At the end of The Divine Comedy, after Dante has passed through heaven and now bears witness to the Holy Trinity, he refers to geometry:
As the geometer who sets himself
To square the circle and who cannot find,
For all his thought, the principle he needs,
Just so was I on seeing this new vision.
For Nicole Jones, who started at Brown as a physics major, the verses pointed to a little considered aspect of the great poet: that he was skilled in mathematics. When he lived, in the thirteenth and fourteenth centuries, the modern divide between the humanities and the sciences was nonexistent. Dante developed numerous theories about the natural sciences even as he wrote literary masterpieces. The Divine Comedy “is just this giant encyclopedia,” says Jones. “You realize how brilliant he was.”
Jones, who was born in the United States but grew up in Australia, remembers that when she was three years old, her parents decided “they wanted an adventure,” and so they moved Down Under and never returned.
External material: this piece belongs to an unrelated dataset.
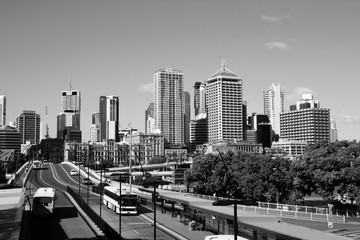 Brisbane city, Australia. Black and white retro style.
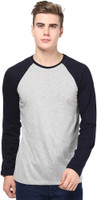 Izinc Solid Men Round Neck Dark Blue, Grey T-Shirt Izinc Solid Men Round Neck Dark Blue, Grey T-Shirt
When it was time for college, Jones was accepted at the University of Sydney, but she decided it wasn’t the right fit. In Australia, students declare their majors before they start school, and that didn’t suit her.
“The system,” she says, “caters to country-fueling jobs—lawyers, accountants, doctors, and engineers. I knew from the beginning that I wanted to be in a place where I could say, ‘Okay, I want to do physics for two years and then decide I want to write about Dante.’”
In the fall of her sophomore year, Jones took a semester off to live in Florence and study music and Italian. During her junior year, back at Brown and now fluent in Italian, she delved into Italy’s literature. At this point, she said, she began “looking for a cool project to do” and hit upon the idea of studying Dante and geometry. With funding from the Brown International Scholars Program, she spent her summer holed up at the National Central Library in Florence, reading critical works from the Renaissance on Dante’s mathematics.
Since ancient times, so-called geometers—mathematicians who studied geometry—had fretted over the problem of “squaring the circle”: devising a square whose area would be the same as that of a circle. By the 1300s, no one had been able to do it. Dante saw the problem as beyond man’s capacity to solve, akin to the theological problem of how Christ could be both man and God. Jones used Dante’s view of this unsolved geometrical puzzle to analyze the poet’s view of the mystery of the Divine Being.
“The failure [to square the circle] emphasizes the division between God and man,” Jones wrote in her senior thesis, “and offers a language through which to conceptualize the distinct journeys of the pilgrim and poet as they approach God. Geometry serves to explain the ending of the Commedia, where Dante reaches harmony with God and with himself, embodying the symbolic and metaphysical rota of the cosmos.”
In the fall, Jones will enter the comparative literature PhD program at UC Berkeley.